Primary LanguageRustOtherNOASSERTION

mc-oblivious

Traits and implementations for Oblivious RAM inside of Intel SGX enclaves.

The scope of this repository is:

  • Traits for fast constant-time conditional moves of aligned memory in x86-64
  • Traits for "untrusted block storage" and "memory encryption engine" to support a backing store that exceeds enclave memory limits
  • Traits for Oblivious RAM, and implementations
  • Traits for Oblivious Hash Tables, and implementations
  • Other oblivious data structures and algorithms, such as shuffling or sorting.

The code in this repo is expected to run on an x86-64 CPU inside SGX. It is out of scope to support other platforms. (However, we still abstract things in a reasonable way. Only the aligned-cmov crate contains x86-64-specific code.)

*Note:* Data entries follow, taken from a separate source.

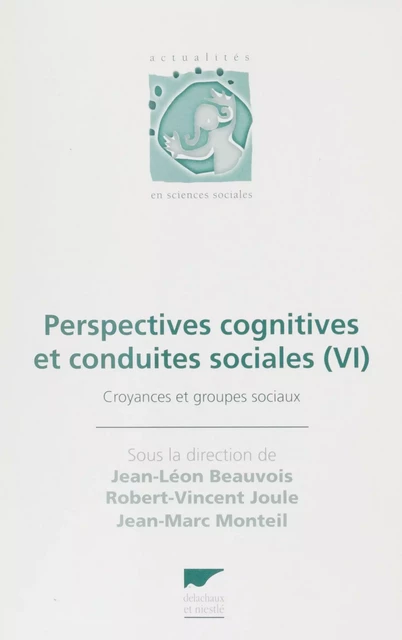 Perspectives cognitives et conduites sociales (6) - Jean-Léon Beauvois, Robert-Vincent Joule - Delachaux et Niestlé (réédition numérique FeniXX)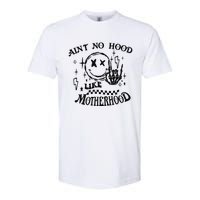 Funny Mom Aint No Hood Like Motherhood Funny Mothers Day Softstyle CVC T-Shirt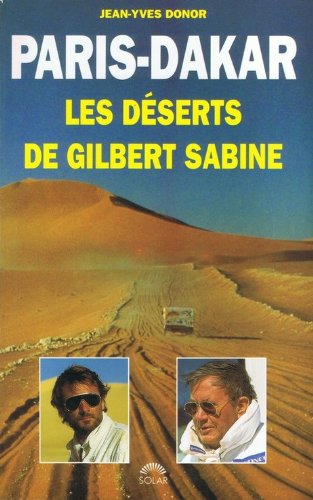 Paris-Dakar: Les déserts de Gilbert Sabine 9782263015328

The code in this repo is expected to require the nightly compiler, so that we can use inline assembly if needed, to ensure that we get CMOV etc., because obliviously moving large blocks of memory is expected to be a bottleneck. If and when inline assembly is stabilized in rust, we expect not to need nightly anymore.

What is oblivious RAM?

Oblivious RAM is a class of data structures designed to avoid information leaks over memory access pattern side-channels, introduced in [Goldreich '96].

Tree-based ORAM was introduced in a seminal paper [Shi, Chan, Stefanov, Li '11]. Tree-based ORAM algorithms arrange their data in a complete balanced binary tree, and are the first and only class of algorithms to have good (poly-log) worst-case performance.

The first oblivious RAM algorithm that attracted significant interest from practicioners was Path ORAM [Shi, Stefanov, Li '13]. Circuit ORAM appeared in [Wang, Chan, Shi '16].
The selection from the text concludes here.